**Work required**
Reproduce verbatim the line containing "Swansea, MA 02777,99 Joanne Ln" and every line that follows it through the end of the entries below, omitting all pictures.
Start of Input material
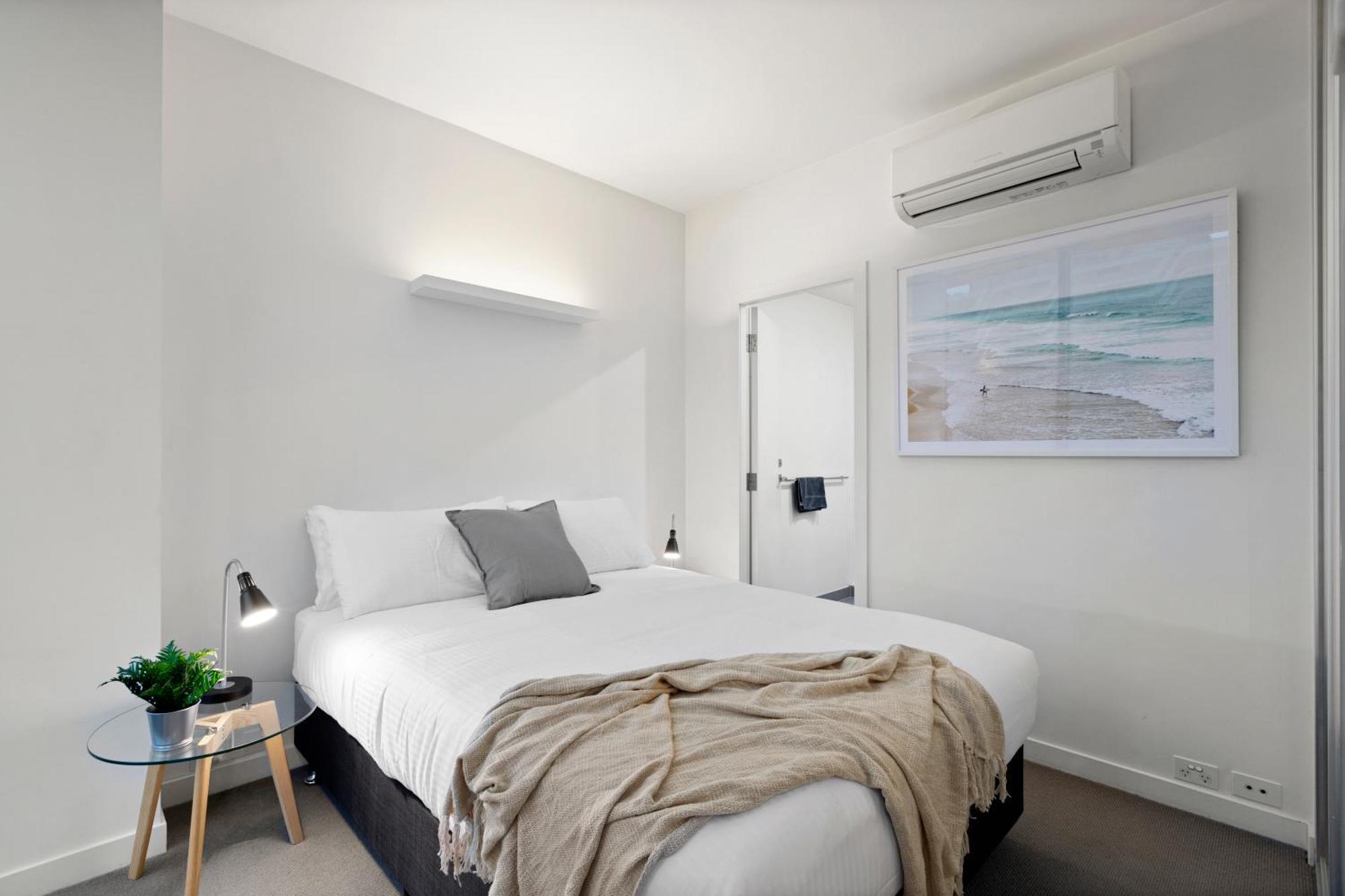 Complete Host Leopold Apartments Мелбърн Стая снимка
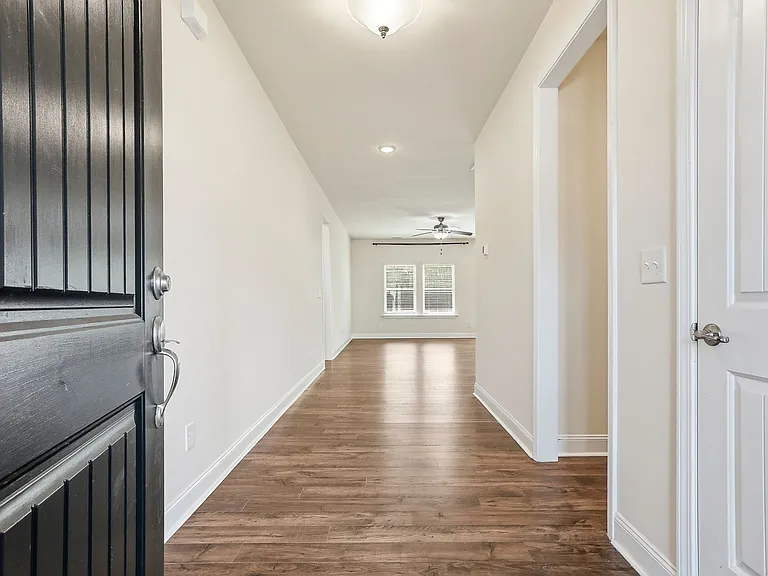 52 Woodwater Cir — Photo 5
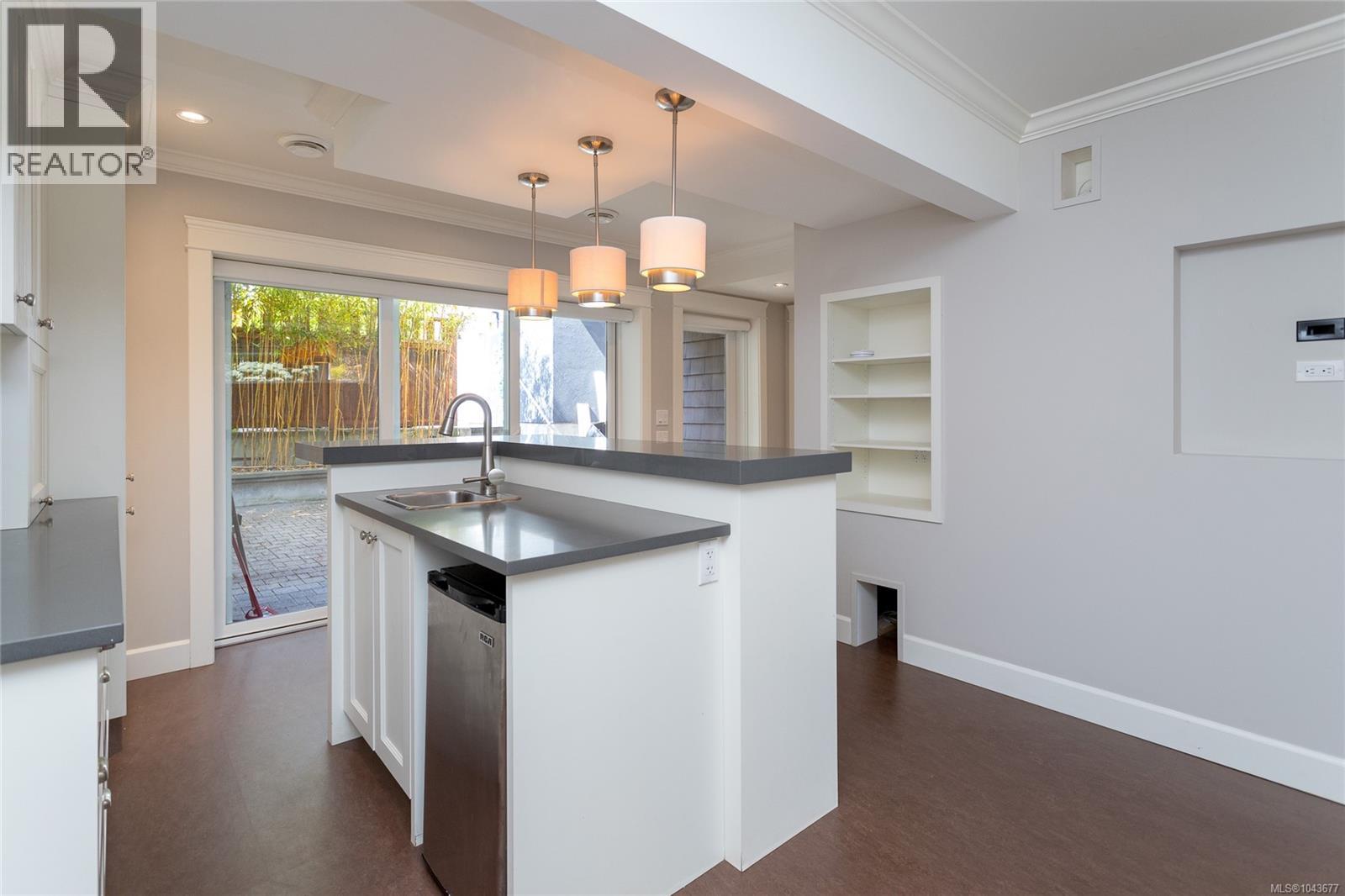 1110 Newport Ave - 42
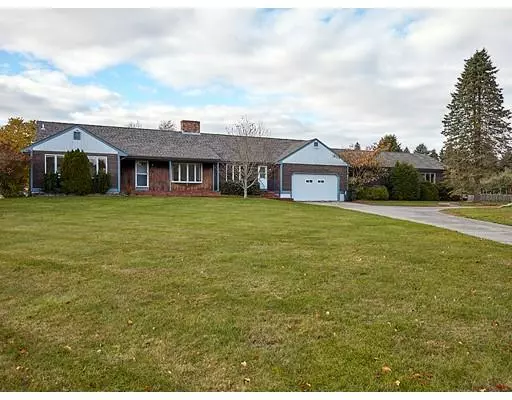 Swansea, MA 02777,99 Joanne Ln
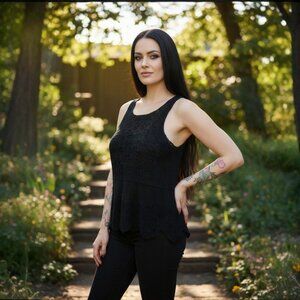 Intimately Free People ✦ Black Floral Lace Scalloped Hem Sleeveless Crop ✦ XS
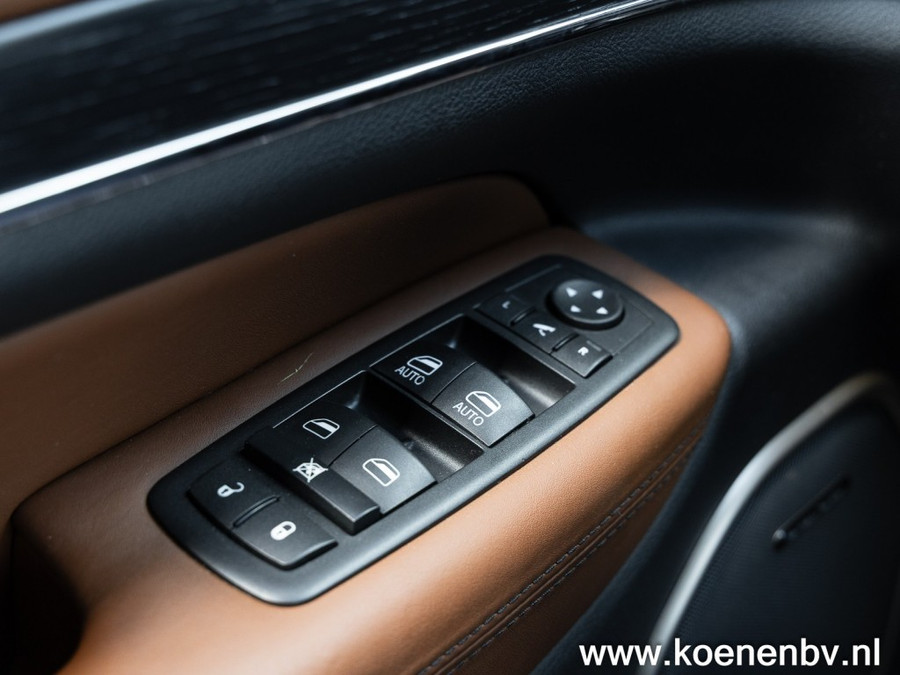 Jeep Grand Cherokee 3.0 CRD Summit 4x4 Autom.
End of Input material
**Response**
 Swansea, MA 02777,99 Joanne Ln
 Intimately Free People ✦ Black Floral Lace Scalloped Hem Sleeveless Crop ✦ XS
 Jeep Grand Cherokee 3.0 CRD Summit 4x4 Autom.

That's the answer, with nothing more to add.